Можно полагать, что окончательное оформление кузминского мифа позволило поэту в дальнейшем не следить с таким пристальным вниманием за своей литературной репутацией, поскольку формирование мифа есть уже высшая точка репутации. Именно этот миф в различных его модификациях дошел до наших дней: с одной стороны, это «адский» Кузмин, облик которого запечатлен в строках «Поэмы без героя», в заметках Ахматовой и в ее словах, зафиксированных различными мемуаристами. С другой — тот явно неприязненный, но свидетельствующий о глубинности личного отношения портрет Кузмина, который возникает на страницах критических статей Г. Адамовича или «Петербургских зим» Г. Иванова.
Рождение и осуществление кузминского мифа позволяет сделать хронологический перелет и обратиться к представлению о творчестве Кузмина, которое создавалось в двадцатые годы самыми различными авторами, однако, как оказалось, приводили они к одному и тому же результату.
К тому времени Кузмин воспринимался читающей публикой как безусловный живой классик, долженствующий освящать своим присутствием всякое литературное предприятие в Петербурге. И у людей, заинтересованно к литературе относящихся, но стоящих вне того круга, который столь почитал Кузмина, начинается почти что неизбежная реакция отторжения.
Приведу лишь несколько свидетельств такого рода. Вот — письмо В. Ф. Ходасевича к Г. И. Чулкову от 20 января 1921 года: «Вчера вечером меня подняли и повели вниз[85], читать стихи с Кузминым. Народу было не много. Кузмин почитает Лермонтова разочарованным телеграфистом. Здешние с ним солидарны. Я не бранюсь и веду себя скромно: пусть думают, что я тоже дурак, а то обидятся»[86]. Вот — отрывок из дневника К. И. Чуковского, где речь идет о стихотворении, так потрясшем в свое время Марину Цветаеву: «Стишки М. Кузмина, прошепелявленные не без ужимки, — стихи на случай — очень обыкновенные»[87]. Наконец, напомним самый явный пример — статью А. Волынского «Амстердамская порнография»[88], где сборник Кузмина «Занавешенные картинки» подвергался резчайшей критике. Характерно — и Кузмин не преминул это заметить, — что сборник вышел в свет в конце 1920 года, а статья появилась в начале 1924-го, причем появилась в издании, с которым Кузмин был долгое время связан отношениями длительного сотрудничества. Совершенно очевидно, что появление статьи Волынского было не индивидуальным критическим актом, а рассчитанной акцией тех людей, для которых Кузмин был не просто одним из осколков прошлого, но и символизировал целое направление в истории русской литературы начала XX века.
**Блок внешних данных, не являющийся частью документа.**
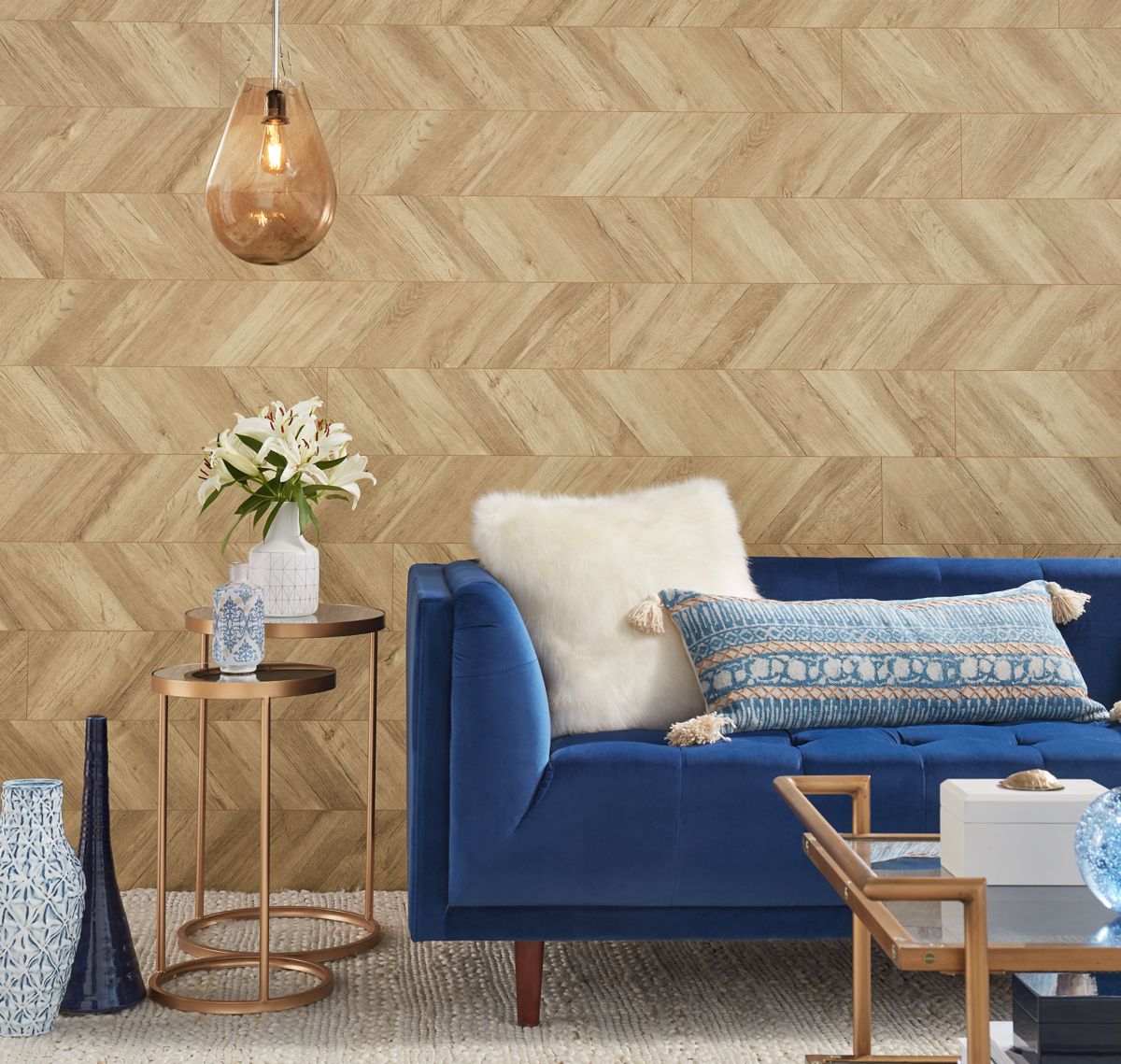 Herringbone pattern wood accent wall in living room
Создалась ситуация, в известной мере напоминающая историю «дела Горнфельда», когда справедливые, но излишне резкие упреки переводчика «Легенды об Уленшпигеле» О. Мандельштаму, использовавшему фрагменты его перевода для нового издания и не указавшему этого на книге, были подхвачены той частью уже сложившегося советского литературного истеблишмента, которой Мандельштам уже давно стоял поперек горла. Публичная ссора двух вполне уважаемых людей вызвала целый поток оскорбительной брани и имела для Мандельштама в конечном итоге катастрофические последствия. Для Кузмина таких последствий не было — вероятно, прежде всего потому, что он не стал связываться с Волынским публично, ограничившись частным письмом, где отчетливо дал понять, что понимает эту новую сторону новой литературной политики:
«„Занавешенные картинки“, разумеется, предлог, и весьма неудачный. Книга, изданная 5 лет тому назад на правах рукописи, официально в продажу не поступавшая, ни юридически, ни этически не может быть объектом печатного обсуждения, как дневник, частные письма, случайно найденные у антиквара или собирателя автографов. Не в этом дело. Характеристика моей деятельности вообще может быть различна. Но я думаю, что мои писания лежат настолько вне плана Ваших интересов, что Вам просто-напросто не важно, какого Вы обо мне мнения. Боюсь, что Вы и не читали всего, о чем Вы пишете в данной заметке»[89].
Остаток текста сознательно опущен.